Collected data:
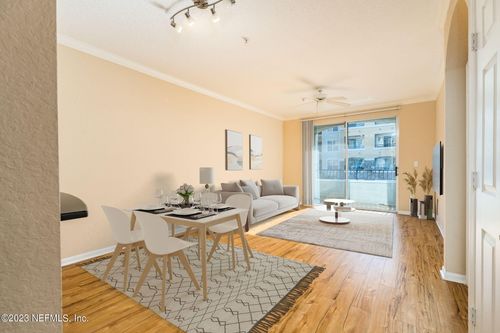 9234-8539 Gate Pkwy W, JACKSONVILLE, FL, 32216-1019 | Card Image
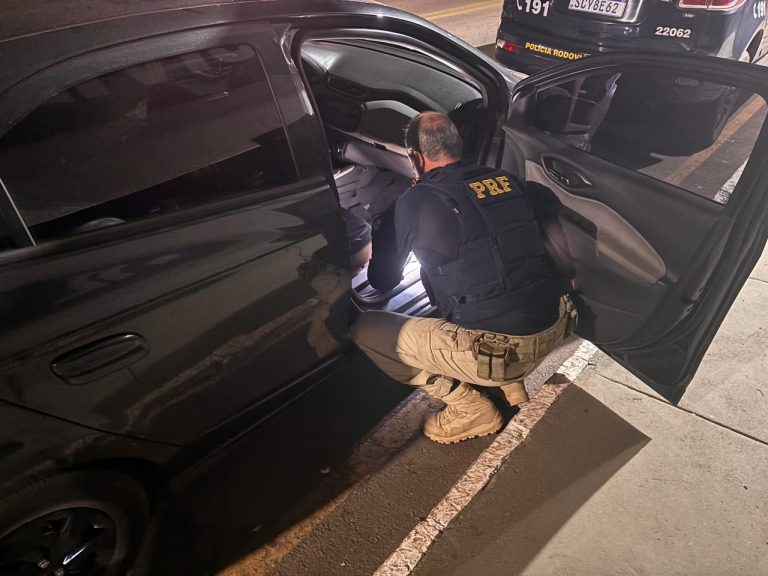PRF recupera carro roubado durante fiscalização na BR-050, em Catalão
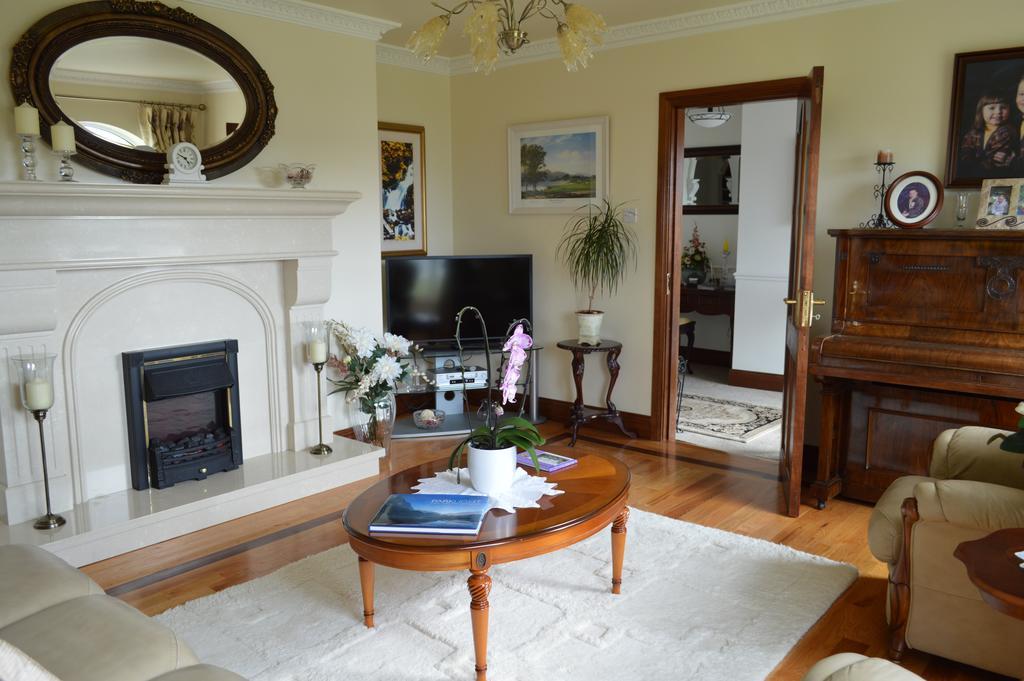 Caseys Homedale Killarney Extérieur photo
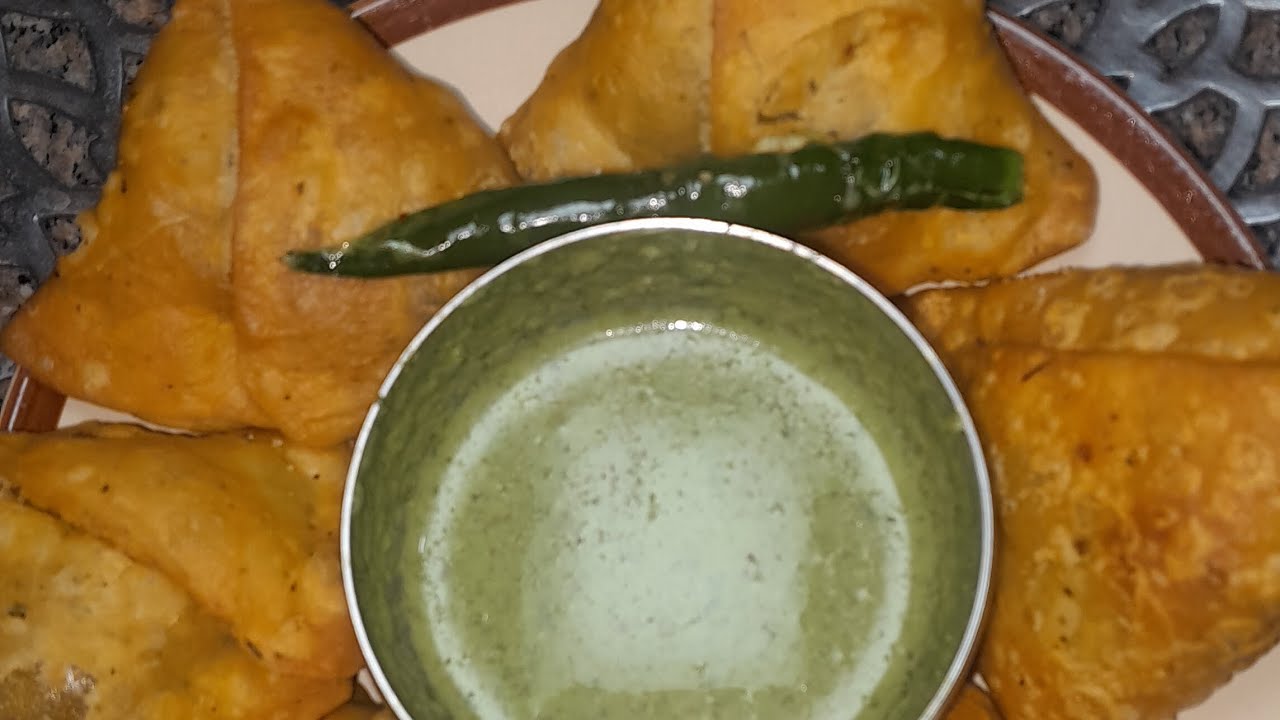 🔥 खमंग बटाटा समोसा (Crispy Spicy Potato Samosa)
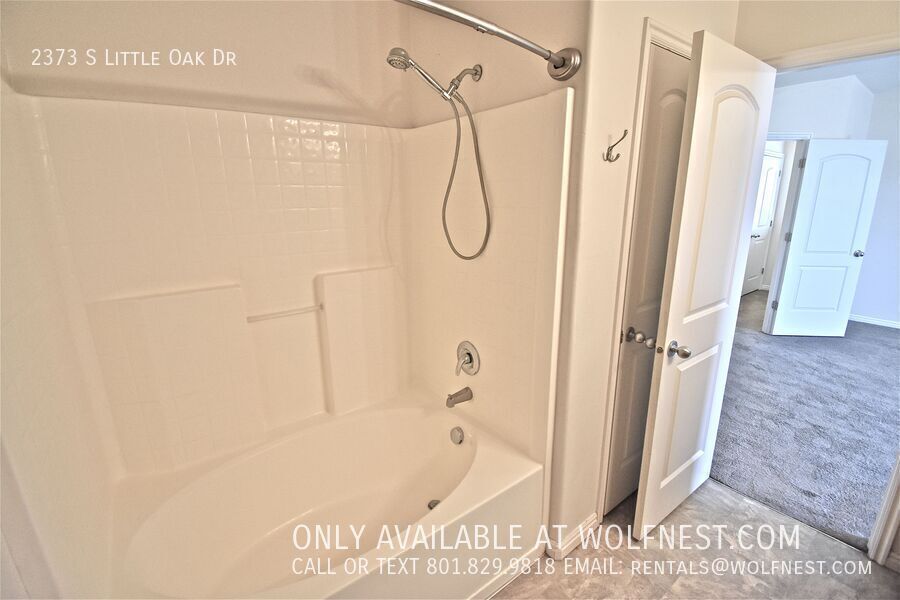 Lovely 3 Bed West Valley Townhome! No Deposit Option! property image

__Requirement__: Every entry should be written out word for word, except for its pictures.

__Your solution__:
 9234-8539 Gate Pkwy W, JACKSONVILLE, FL, 32216-1019 | Card Image
PRF recupera carro roubado durante fiscalização na BR-050, em Catalão
 Caseys Homedale Killarney Extérieur photo
 🔥 खमंग बटाटा समोसा (Crispy Spicy Potato Samosa)
 Lovely 3 Bed West Valley Townhome! No Deposit Option! property image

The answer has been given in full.